Closing Guantanamo Bay part of military trial deal for Khalid Shaikh Mohammed, four 9/11 thugsBY Kenneth R. Bazinet and James Gordon Meek
March 6, 2010
WASHINGTON - Khalid Shaikh Mohammed won't be returning to the scene of his unspeakable crime.
Feds involved in security preparations for lower Manhattan's Foley Square courthouse have been quietly ordered to cease all preparations for a 9/11 trial blocks from where the twin towers fell, the Daily News has learned.
Senior aides will soon urge President Obama to reverse Attorney General Eric Holder and prosecute the terrorists in a military courtroom, aides confirmed Friday.

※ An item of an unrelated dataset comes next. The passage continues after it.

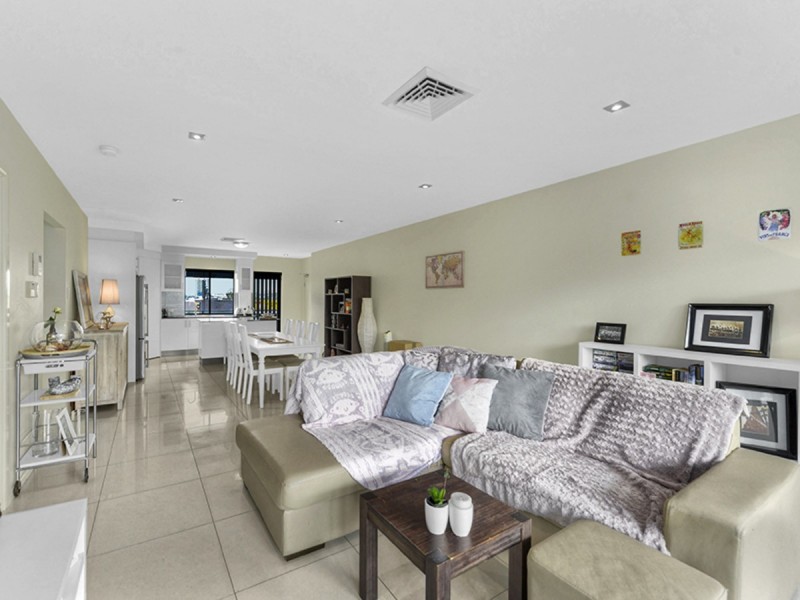 7/215 Wellington Road, East Brisbane QLD 4169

A final decision on just where, and exactly how, KSM and four other Sept. 11 thugs will be tried is still weeks away as the government tries to untangle a legal and political mess that has dragged on for seven years.
"The White House is continuing to review what the available options are that would bring the 9/11 detainees to justice," an Obama official said. "We do not expect a decision for weeks as the review process is ongoing."
Word that the White House was leaning toward the military course came after Obama and his chief of staff, Rahm Emanuel, ordered Justice Department officials to conduct an exhaustive survey of potential sites to conduct a civilian trial in a federal courthouse.
Officials are believed still to be looking at such sites as a state prison in western Illinois that may be converted to house Guantanamo prisoners. The Marine Corps base at Quantico, Va., also may remain an option.
"We're very flexible - all we need is a courtroom," said one U.S. official.
"No decisions have been made," White House spokesman Robert Gibbs reiterated. "This hasn't gone up to the President yet. "
Rep. Pete King (R-L.I.), an opponent of a Manhattan trial, hailed the news that the civilian trial may be dead.
"The President is now confronting reality, and he's finding out that the campaign trail is different from the reality of the war against terror," King said.
The White House has heard loud and clear the complaints of city officials, but some Obama insiders feel the 9/11 family members who wanted the trial here should have a voice in the decision on where it winds up.
"I think people do feel helpless on this one," an influential 9/11 relative agreed.
Still, it is increasingly likely the administration will be forced to keep the defendants in the military commission system for trial.
"The city doesn't want it, and Congress is not going to fund it, and the military tribunals are an option," an Obama aide said.
Republicans have claimed it will be easier to execute the Al Qaeda plotters, and they won't have a propaganda platform in the military system. But a Defense Department official sympathetic to the military option scoffed.
"They will have their say" at the tribunal, particularly if they defend themselves, as KSM did in a Guantanamo Bay proceeding, the source said.
A military trial probably will be part of a deal with increasingly influential GOP Sen. Lindsey Graham of South Carolina - an Air Force judge advocate - in exchange for his help in finally closing Gitmo's terrorist prison.
Military prosecutors - who dismissed charges against Mohammed and his four henchmen last January in anticipation of a federal indictment in New York - are eager to start over with "new charges and a new arraignment" as soon as Obama signs a military order, an official said.
The military justice system for terrorists set up by ex-President George W. Bush has been a dismal failure - but Obama signed a bill last year improving it.
"We can't say for sure" if KSM or the others will be executed even if they plead guilty, the Defense official said.
Under the old system, the 9/11 five tried to be "martyred" by execution but were told by a military judge they would not be put to death if they admitted their crimes.
New prosecution rules awaiting Defense Secretary Robert Gates' signoff would mean KSM will face a death penalty trial if he pleads guilty, and a death verdict by a military jury would have to be unanimous.
"We can't just take KSM's word for it. The government still has a responsibility to show evidence," the official said.